Take the entries that follow and return only the lines from the one with "Ber Month for" through the final line, leaving every picture behind.

/---

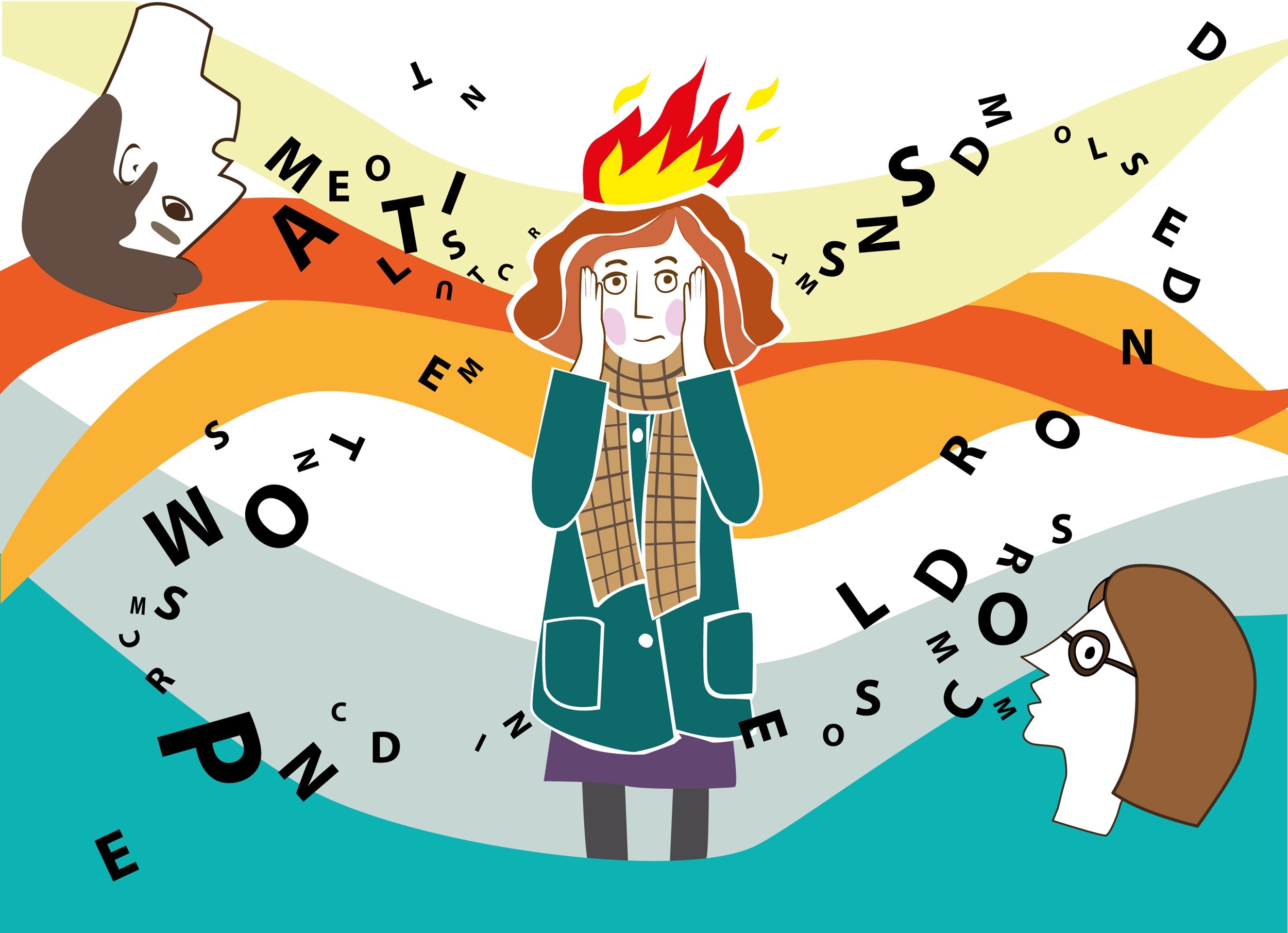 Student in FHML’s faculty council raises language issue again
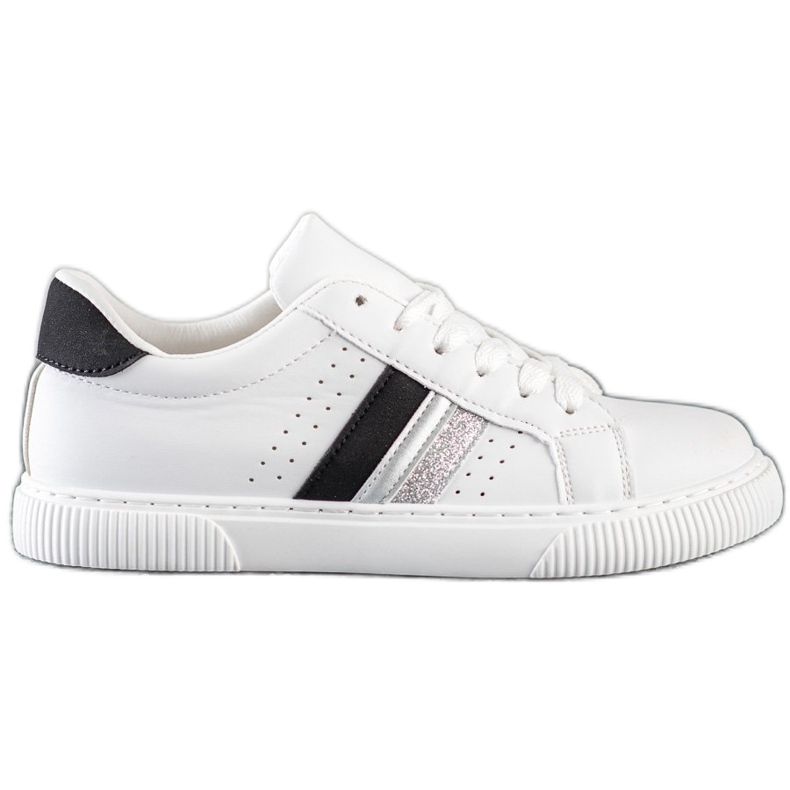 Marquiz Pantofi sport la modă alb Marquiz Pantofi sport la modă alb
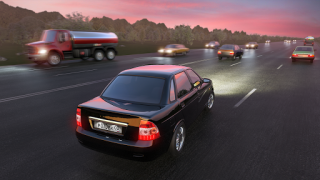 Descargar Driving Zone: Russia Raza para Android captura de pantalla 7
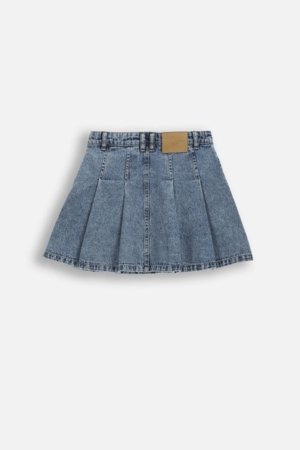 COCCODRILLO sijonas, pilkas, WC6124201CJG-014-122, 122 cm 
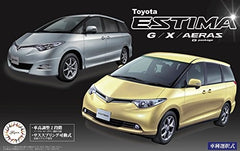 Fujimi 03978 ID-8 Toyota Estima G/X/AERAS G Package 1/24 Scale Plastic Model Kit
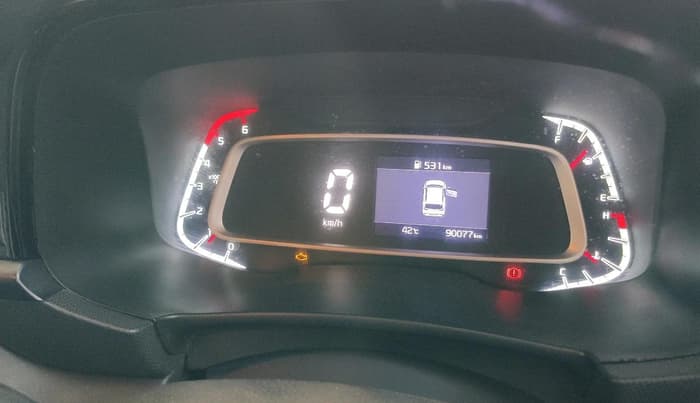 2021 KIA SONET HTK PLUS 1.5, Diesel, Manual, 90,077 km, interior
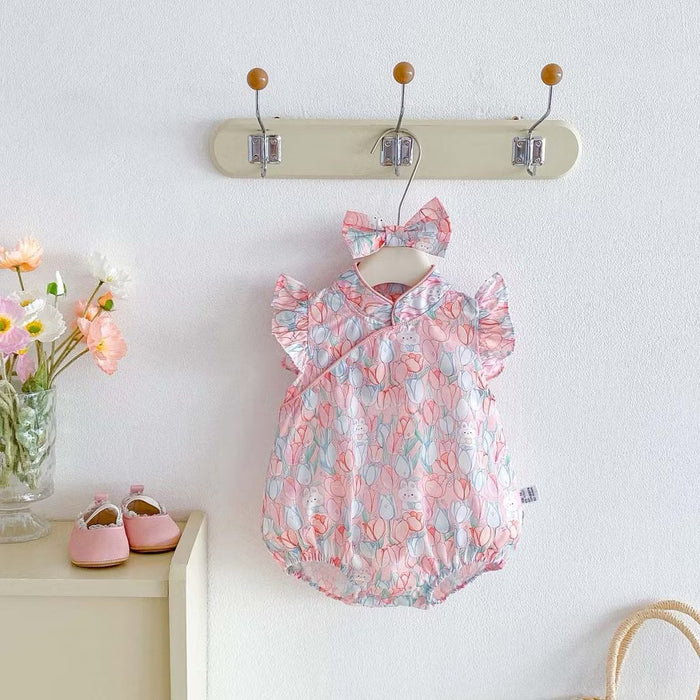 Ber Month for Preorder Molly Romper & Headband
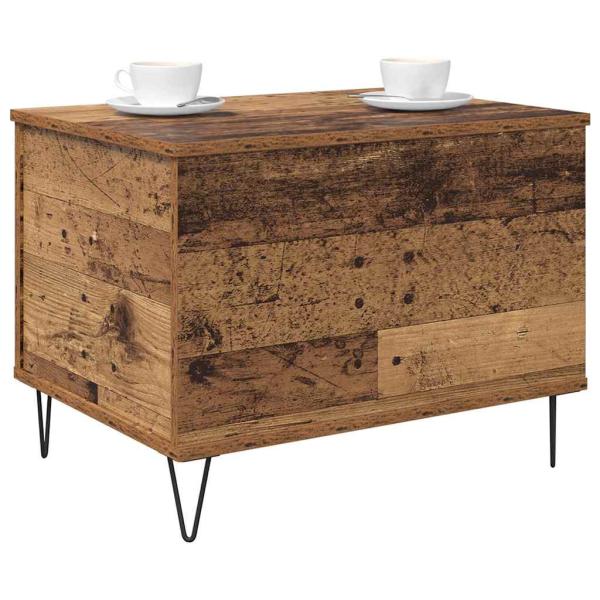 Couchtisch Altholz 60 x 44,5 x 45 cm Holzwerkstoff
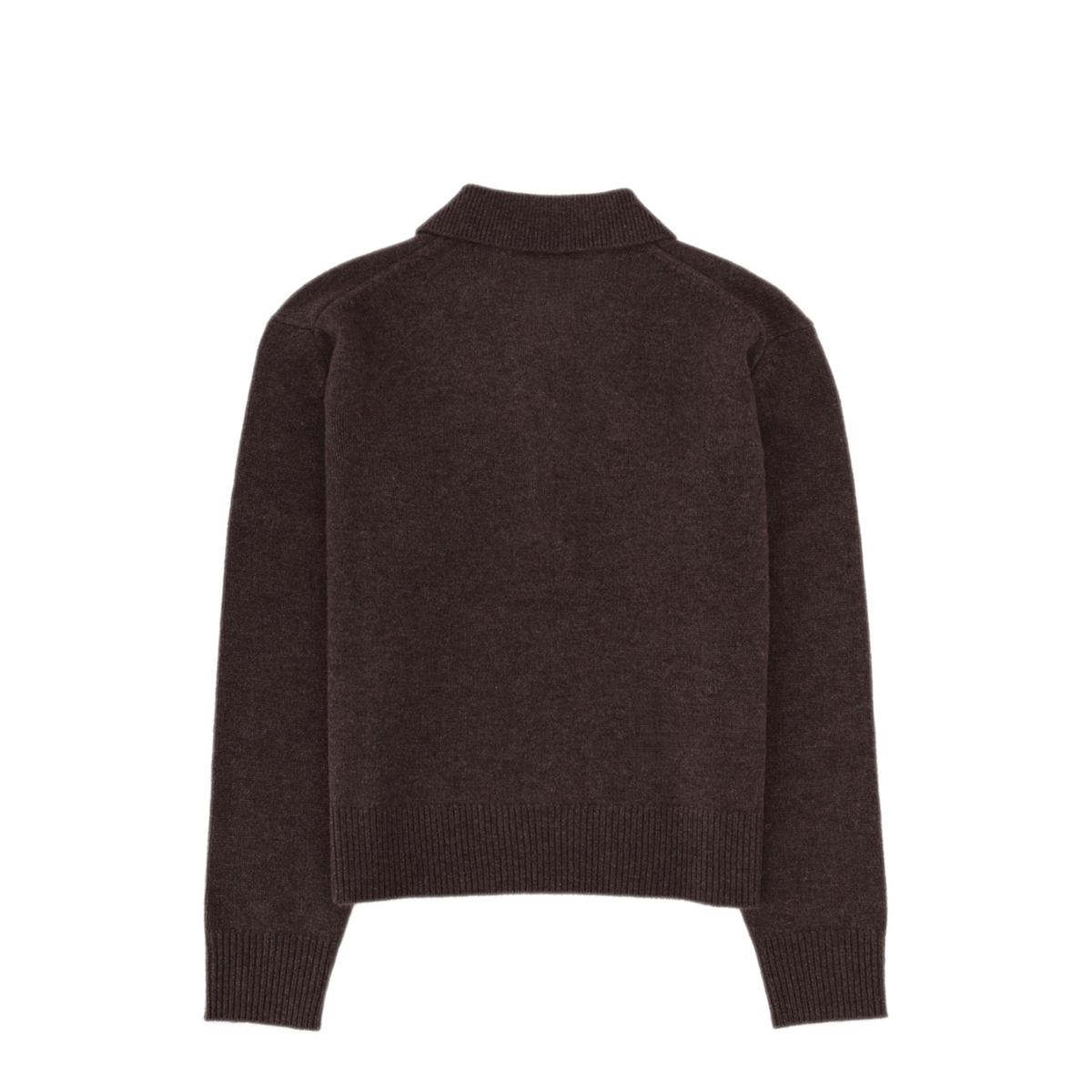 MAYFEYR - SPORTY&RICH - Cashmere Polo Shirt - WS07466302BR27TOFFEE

\---

• **Solved exercise**
 Ber Month for Preorder Molly Romper & Headband
 Couchtisch Altholz 60 x 44,5 x 45 cm Holzwerkstoff
 MAYFEYR - SPORTY&RICH - Cashmere Polo Shirt - WS07466302BR27TOFFEE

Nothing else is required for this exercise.